Dating back to the 1990s, the Council has an annual induction program where current members nominate potential new candidates. A selection committee then evaluates each nominee in relation to how their work embodies the organization’s mission. Dunnett says he provided an extensive amount of information throughout the process, which took about three to four months to complete. In 2023, six fellows were inducted into the organization, but this number varies each year.
The Council hosts an annual C.I. summit, as well as a variety of webinars throughout the year. These educational initiatives and the work of its members impact stakeholders in academic and business communities; developing future C.I. practitioners, upgrading employee skills and helping organizations avoid information overload.
“It’s always looking at and evaluating what’s happening in the business environment, what that means and what an organization should do next,”
—Jonathon Dunnett, Council of Competitive Intelligence Fellows, 2023 Inductee
Simply put, competitive intelligence is the practice of gathering information to refine business decisions and planning. Through C.I., organizations use data to understand their environment and improve future performance. “It’s always looking at and evaluating what’s happening in the business environment, what that means and what an organization should do next,” explained Dunnett. The use of C.I. extends to essentially any functional area of a business—legal, marketing and sales, product development, finance, human resources, etc. Dunnett said organizations that engage in C.I. will see greater success by being better able to compete and more resilient against future challenges.
In today’s world of technology, Dunnett sees advancements like A.I. as a tool for C.I. practitioners. The intelligence cycle of planning, collecting data, processing data, analysis and providing feedback has come a long way since the ‘70s. Digitalization means information is more accessible, however, it does come with risks of poor data inputs, data misinterpretation and technical errors. Jonathan sees transformative potential for A.I. in the field but says it has a way to go.
As one of only a handful of Canadians to have been inducted into the Council, Dunnett considers it a great honour. Passionate about helping Canadian businesses compete globally, he says C.I. can help organizations get there. Dunnett began working in C.I. as a university student and has since built an impressive career. He has worked with small start-ups and global organizations in a variety of industries. Through his company Enable Leaders, Dunnett also provides training and development in the discipline.

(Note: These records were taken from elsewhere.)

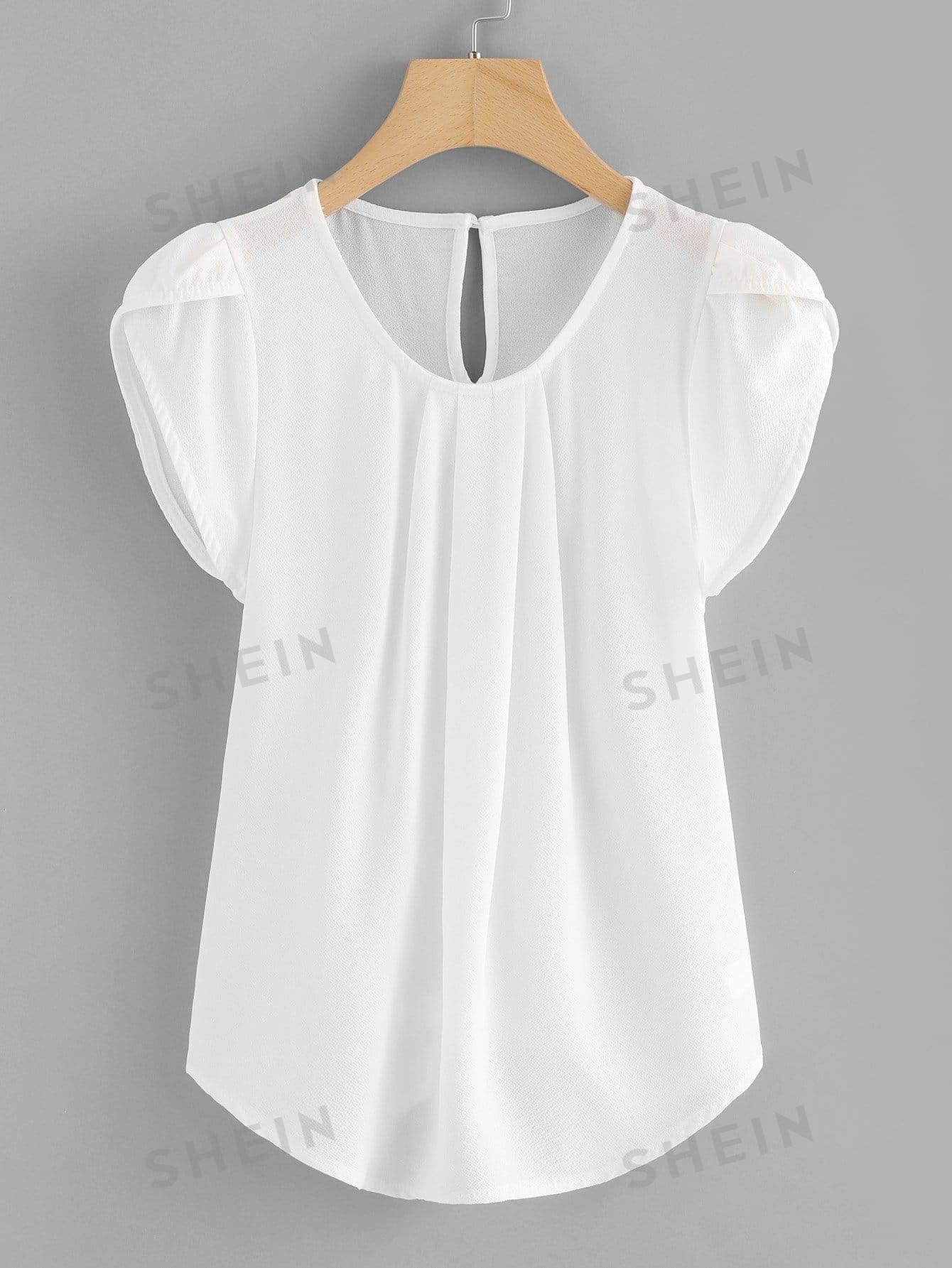 SHEIN LUNE Женская рубашка с круглым вырезом и геометрическим принтом, белый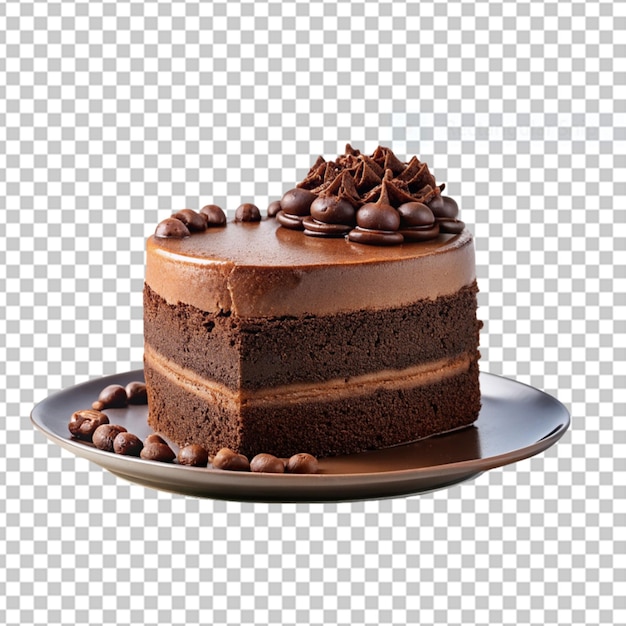 Cake poured with chocolate and decorated with different cookies on a transparent background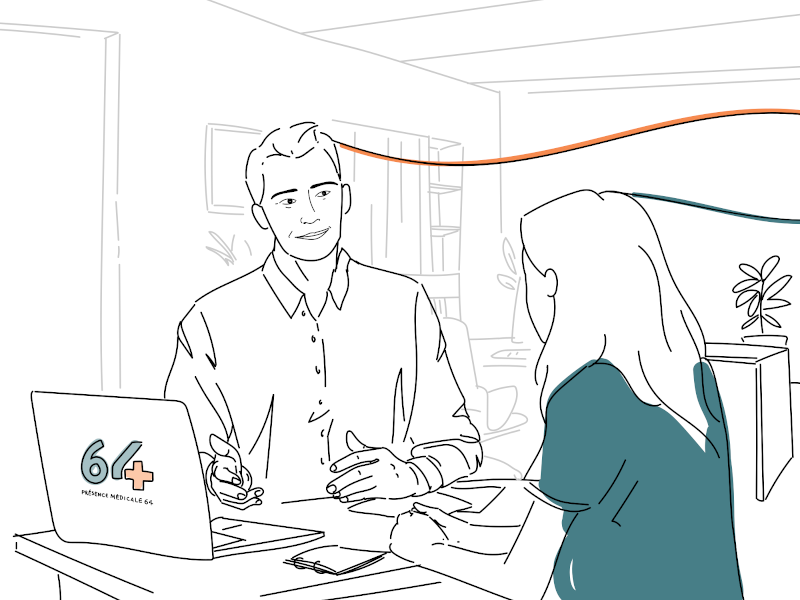 Illustration d'un membre de l'équipe Présence médicale 64 accueillant une interne en médecine générale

Commenting on Jonathan’s induction into the Council, Derek Johnson, president, said: “I’ve been tracking Jonathan Dunnett’s contributions to the field of Competitive Intelligence for several years now. He has an uncanny and unique ability to apply and synthesize this set of business activities to a level that is applicable to any size of company. For that reason, and many others, Jonathan was a natural addition to the future efforts of the Council and I look forward to working with him closely.”